Secondly, high profit may be achieved at the expense of reinvestment back into the business to fuel future growth and sustainable value for shareholders.
When a company passes profits on to its stockholders via dividends or a share buyback, it results in a short-term gain for the shareholders. This needs to be balanced with the alternative of retaining the earnings in the company to increase shareholder returns in the long-term.
Thirdly, the Earnings Per Share are not necessarily directly related to the market value of a company and its stock.
For example, the EPS for two stocks with widely different share prices could be identical.
Since EPS does not take account of inflation, any increase in earnings likely does not reflect the true growth.
EPS is essentially a measure of profitability from shareholders’ perspective. However, profitability is only one aspect of company performance. As a result, focusing too much on the bottom line of a company is incomplete, narrow-focused and short-sighted.
There is a wealth of other financial and non-financial factors that come into play when it comes to the success of a company and an investment strategy.
By definition, the EPS is dependant on the number of shares in issue.
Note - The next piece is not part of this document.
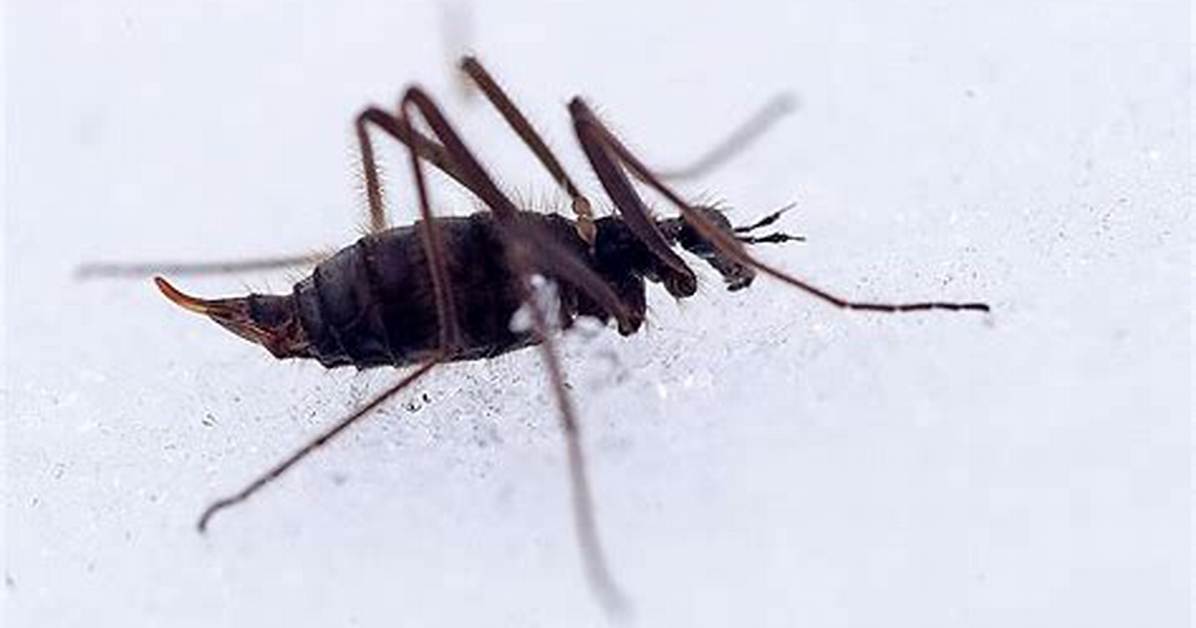 Common Winter Bug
This needs to be taken into account when comparing the earnings of companies against each other.
As an example, while both of these companies have EPS of 10 cents, the earnings of Company B are drastically lower:
|EPS Example||Company A||Company B|
|EPS||$10,000,000 ÷ 100,000,000 = 10c||25,000 ÷ 250,000 = 10c|
Clearly, it is meaningless to compare EPS of one company with another without first calculating the EPS growth rates.
Moreover, the EPS calculation does not factor in the outstanding debt of a company.
EPS does not consider the resources needed to generate the income of a company.
Suppose that Company A and Company B report an identical EPS ratio. However, Company A needs significantly fewer net assets to achieve the same level of earnings as Company B because it is more efficient at utilizing its capital to generate revenue.
Nevertheless, the efficiency of Company A would not be directly reflected in its EPS.
While the EPS is an important and widely used tool for investors, a single absolute value for one company is arbitrary and using the ratio in isolation does not tell the whole story of a company’s financial strength.
Therefore, for the earnings-per-share analysis to be truly meaningful, the ratio must be evaluated in context and with the awareness of its limitations. Here are the 5 top tips on how to do just that:
In order to assess a company’s real earning capability and spot trends, investors should compute the company’s EPS for more than one accounting period, and ideally over several years.
Look for trends in EPS growth to get a sense of how profitable a company has been to date and to estimate its future prospects.
Compare the EPS to similar companies within the same industry, industry averages or other relevant benchmarks to determine how a company is performing relative to its peers.
For example, between two companies in the same industry with the same number of shares outstanding, and other things being equal, higher EPS indicates higher profitability.
Furthermore, investors should use the EPS figure in conjunction with other ratios and metrics to estimate the future growth, earnings, and stock value of a company.
Always analyse both the financial as well as non-financial elements to gain a holistic view of a company.
EPS is not paid out to shareholders. Earnings per Share (EPS) is a ratio of a company’s net income per each outstanding share, indicating its profitability. Dividend per Share (DPS) is the ratio that calculates the portion of EPS that is actually shared with stockholders through dividends.